WHAT IS NEEDED
Retype each record below word for word, pictures excluded.
─── EXTRACTED RECORDS ───
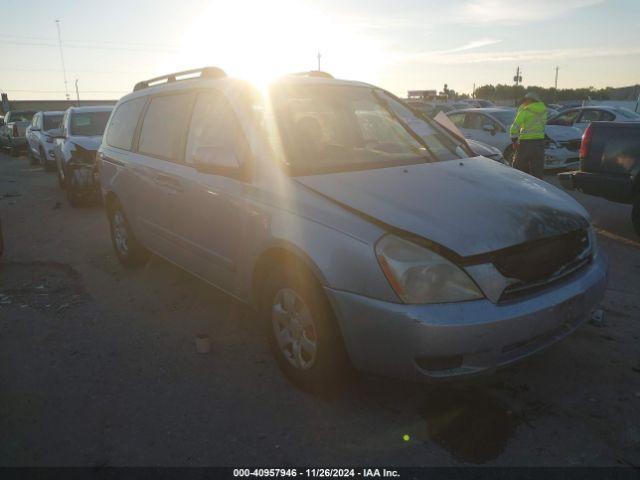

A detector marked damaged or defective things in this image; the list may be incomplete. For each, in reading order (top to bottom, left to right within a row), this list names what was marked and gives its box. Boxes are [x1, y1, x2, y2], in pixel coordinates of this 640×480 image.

damaged hood [69, 135, 102, 152]
damaged hood [296, 158, 592, 256]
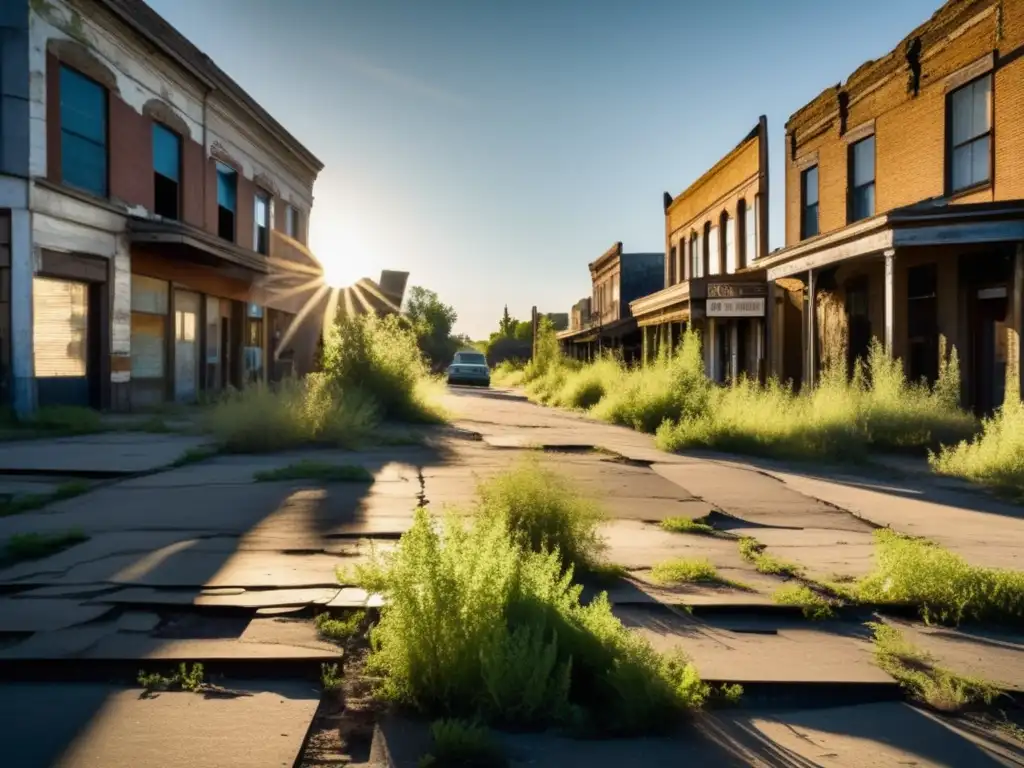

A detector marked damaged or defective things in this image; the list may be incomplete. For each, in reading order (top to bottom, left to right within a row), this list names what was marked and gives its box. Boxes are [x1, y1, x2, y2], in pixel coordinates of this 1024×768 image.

broken window [152, 123, 180, 219]
broken window [216, 164, 238, 242]
broken pavement slab [0, 680, 320, 768]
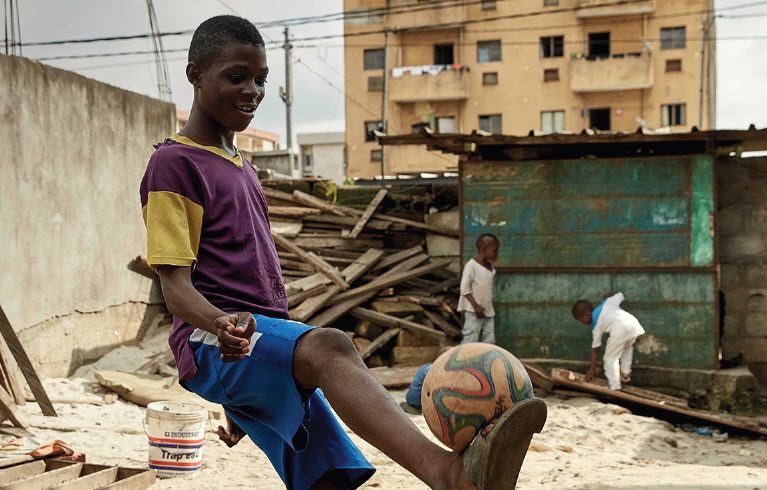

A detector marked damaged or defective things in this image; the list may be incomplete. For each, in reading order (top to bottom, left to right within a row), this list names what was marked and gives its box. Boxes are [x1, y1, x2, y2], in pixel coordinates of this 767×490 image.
───
ANSWER SECTION
A detector marked damaged or defective things in this image; the list may be incomplete. For each, in reading order (top to bottom, left to right within a row), this list names what was marked and gives its box. Boxes are [x1, y1, x2, y2], in pixel coordinates of this 640×480 image.

damaged hood [69, 135, 102, 152]
damaged hood [296, 158, 592, 256]

A detector marked damaged or defective things in this image; the list may be incomplete. For each, in reading order (top to bottom, left to right within a row), this list names what was marked and gives its box. Boxes are [x1, y1, x2, y2], in pixel coordinates of this 1024×768 image.

broken window [152, 123, 180, 219]
broken window [216, 164, 238, 242]
broken pavement slab [0, 680, 320, 768]

A detector marked damaged or defective things in this image; the list may be incomplete. For each, in reading order (top to bottom, left to right within a row), this list names what was marked and gives its box. Boxes are [x1, y1, x2, y2], in pixel coordinates of this 767×490 image.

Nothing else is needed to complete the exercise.